[Start of section]

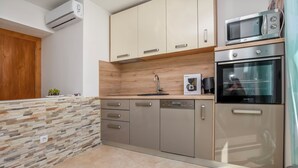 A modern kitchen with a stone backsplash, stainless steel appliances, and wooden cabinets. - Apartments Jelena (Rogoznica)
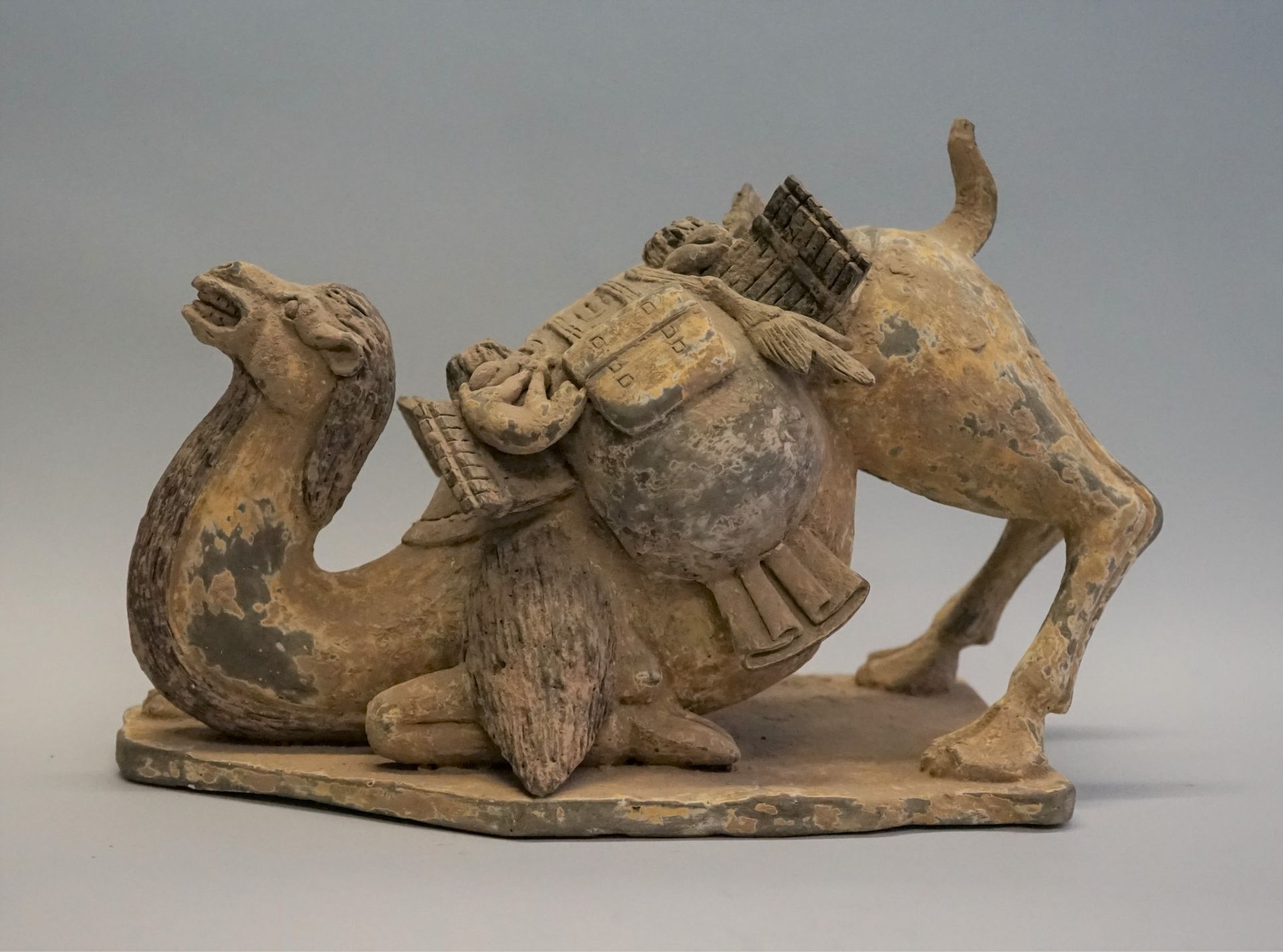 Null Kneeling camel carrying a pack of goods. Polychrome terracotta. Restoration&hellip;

[End of section]
[Start of section]

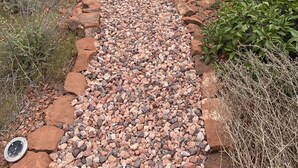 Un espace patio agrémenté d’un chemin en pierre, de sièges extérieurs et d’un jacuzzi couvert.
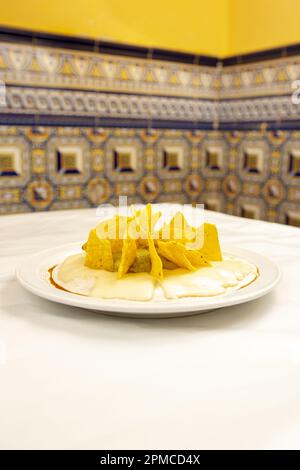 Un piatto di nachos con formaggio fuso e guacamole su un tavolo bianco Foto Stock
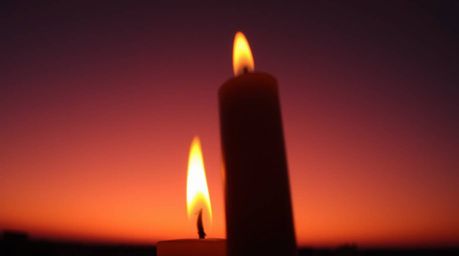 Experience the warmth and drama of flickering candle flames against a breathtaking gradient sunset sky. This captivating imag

[End of section]

Activity: Give again the stretch of the entries above that begins at the line with "Un espace patio" and ends at the line with "Experience the warmth", word for word, with no pictures.

Solved exercise:
 Un espace patio agrémenté d’un chemin en pierre, de sièges extérieurs et d’un jacuzzi couvert.
 Un piatto di nachos con formaggio fuso e guacamole su un tavolo bianco Foto Stock
 Experience the warmth and drama of flickering candle flames against a breathtaking gradient sunset sky. This captivating imag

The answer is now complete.